The bill, S-878, would help preserve the bi-state agreement with Pennsylvania that allows taxpayers to pay income taxes in the state where they live by preventing the unilateral termination of these pacts by the New Jersey Division of Taxation without legislative approval.
“The reciprocal income tax agreement between New Jersey and Pennsylvania helps residents from both states, and there is no reason it should ever have been threatened,” said Senator Madden (D-Camden/Gloucester). “It is important to South Jersey residents, and this bill will make sure what happened in 2016 won’t happen again.”
“Protecting this agreement is important to the middle-class families who realize financial savings,” said Senator Sweeney (D-Cumberland/Gloucester/Salem). “Our goal is to make New Jersey a competitive state to attract businesses and create real job opportunities for our residents.”
In 2016, then Governor Chris Christie announced he would terminate the agreement between New Jersey and Pennsylvania because he needed to fill a deficit in that year’s state budget.
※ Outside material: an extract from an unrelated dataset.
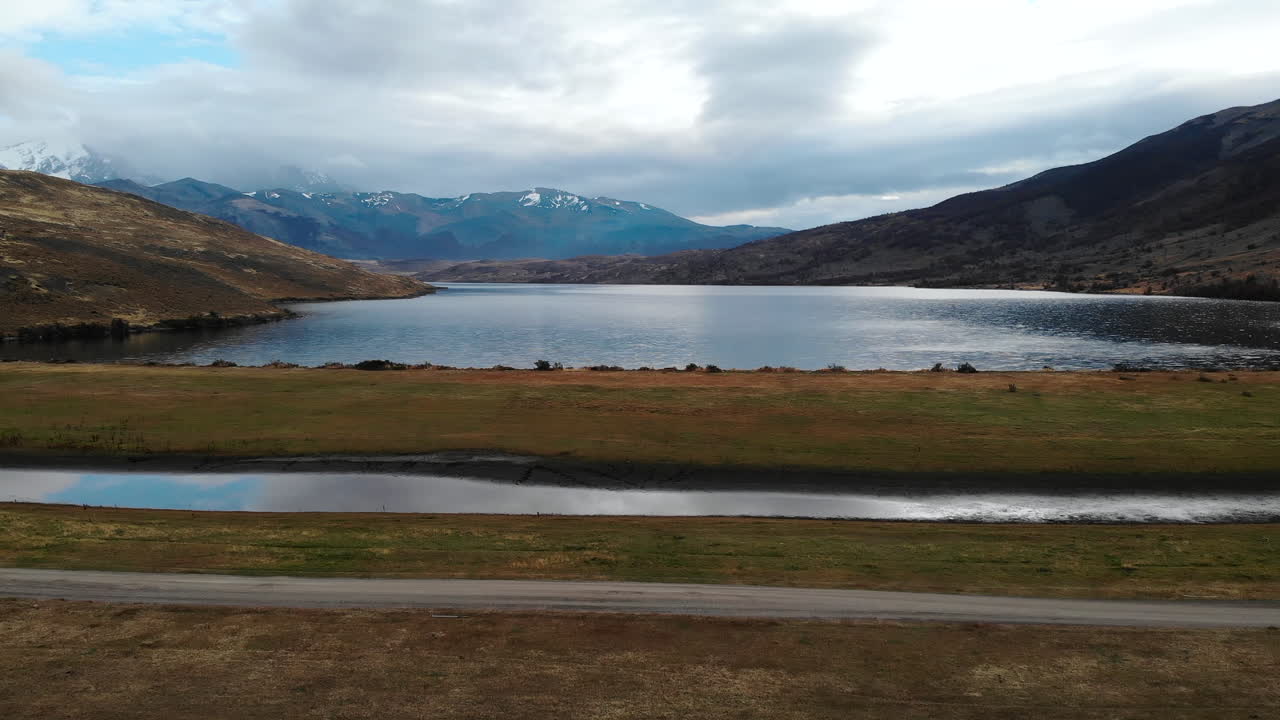 Scenic Lake and Mountain Landscape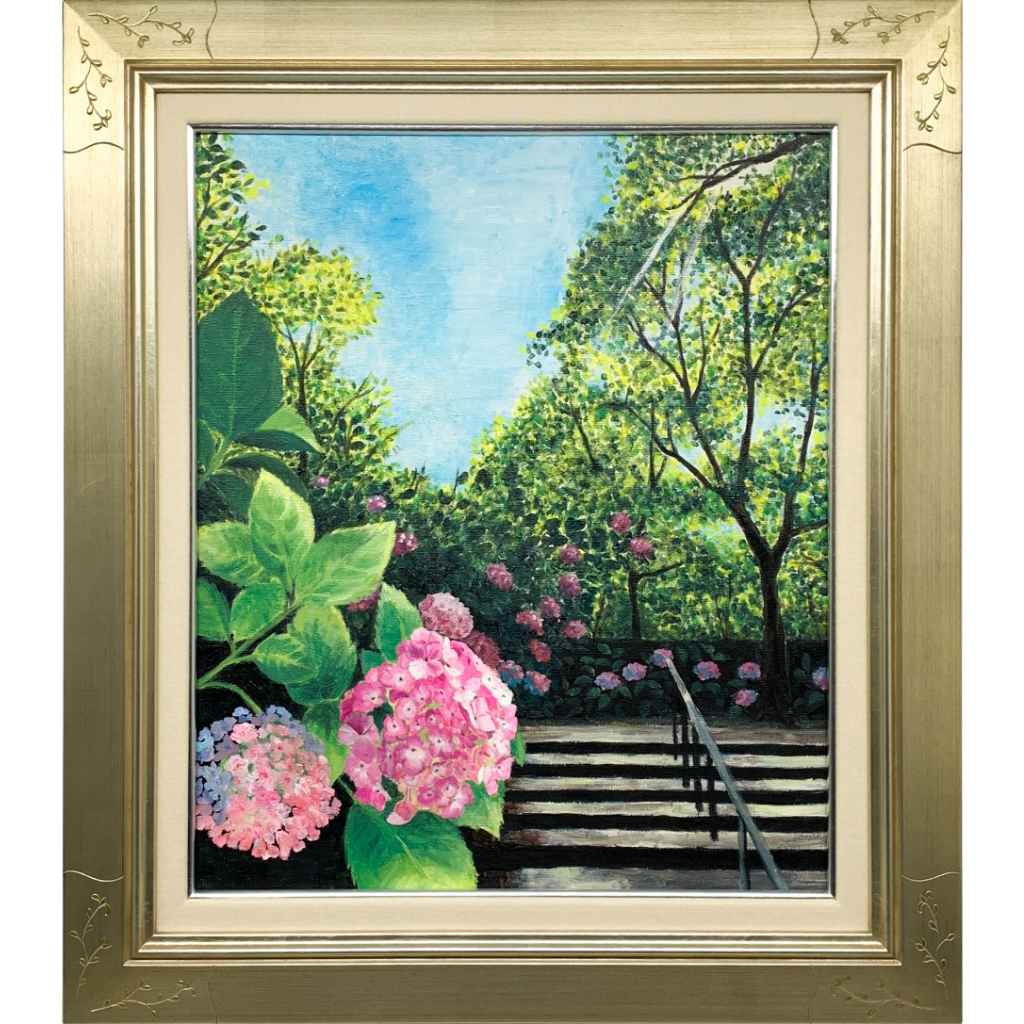 油絵 絵画 【Hydrangea】 Hydrangea | Floral Japanese Art | Artezaar Art Gallery – Artezaar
Christie later reversed his decision, and decided to stay in the agreement. Under current law, the Director of the Division of Taxation has broad powers to enter into and terminate reciprocal personal income tax agreements with other states without the input of the Legislature.
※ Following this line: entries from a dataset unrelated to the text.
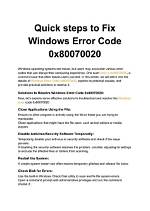 How Do I Fix Windows Error Code?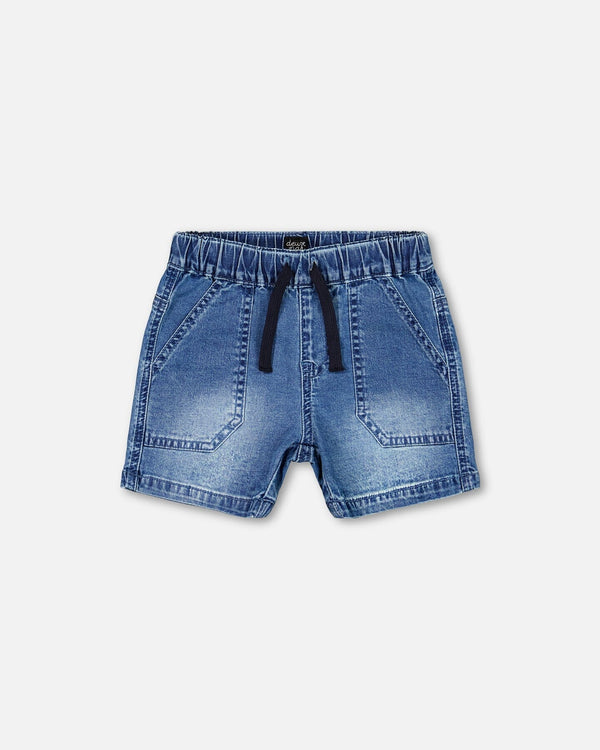 Dark Blue Denim Short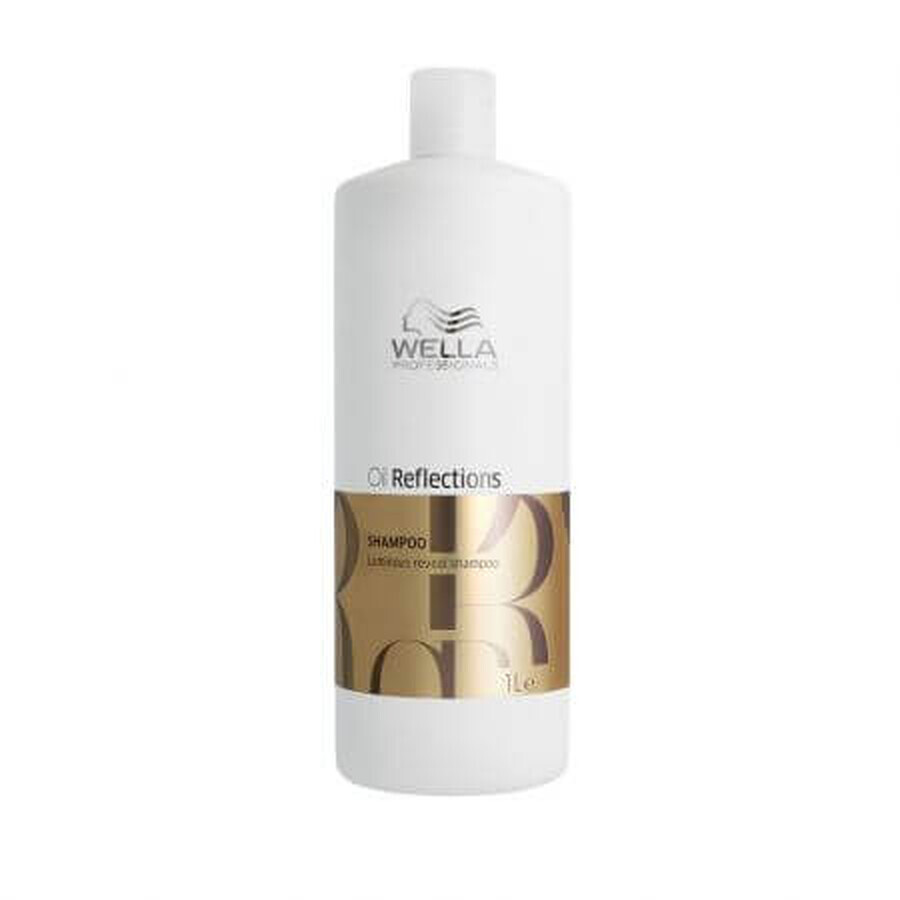 Shampooing pour des cheveux lisses et brillants Oil Reflections, 1000 ml, Wella Professionals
The bill would modify the existing powers of the Director to restrict its authority to terminate such agreements without the authorization, through enactment of a law, of the Legislature and the Governor guiding the Director to terminate the agreement. It would be retroactive to 1977, covering the New Jersey-Pennsylvania agreement.
Approximately 125,000 New Jersey residents commute to Pennsylvania and another 125,000 make the reverse trip, according to Census Bureau estimates. Pennsylvania has a flat 3.07 percent income-tax rate while New Jersey has a more progressive tax structure with rates from 1.4 percent to 8.97 percent.
New Jersey and Pennsylvania established the Reciprocal Personal Income Tax Agreement in 1977 allowing residents from both states who work across state lines to pay income taxes where they live rather than where they work. This means that Pennsylvania residents who are employed in New Jersey are not subject to the New Jersey gross income tax, and New Jersey residents who are employed in Pennsylvania are not subject to the Pennsylvania income tax. Instead, employers in each state are required to withhold the corresponding states gross income tax on compensation paid to employees.
The bill was approved by the Senate by a vote of 39-0, and will next head to the Assembly for further consideration.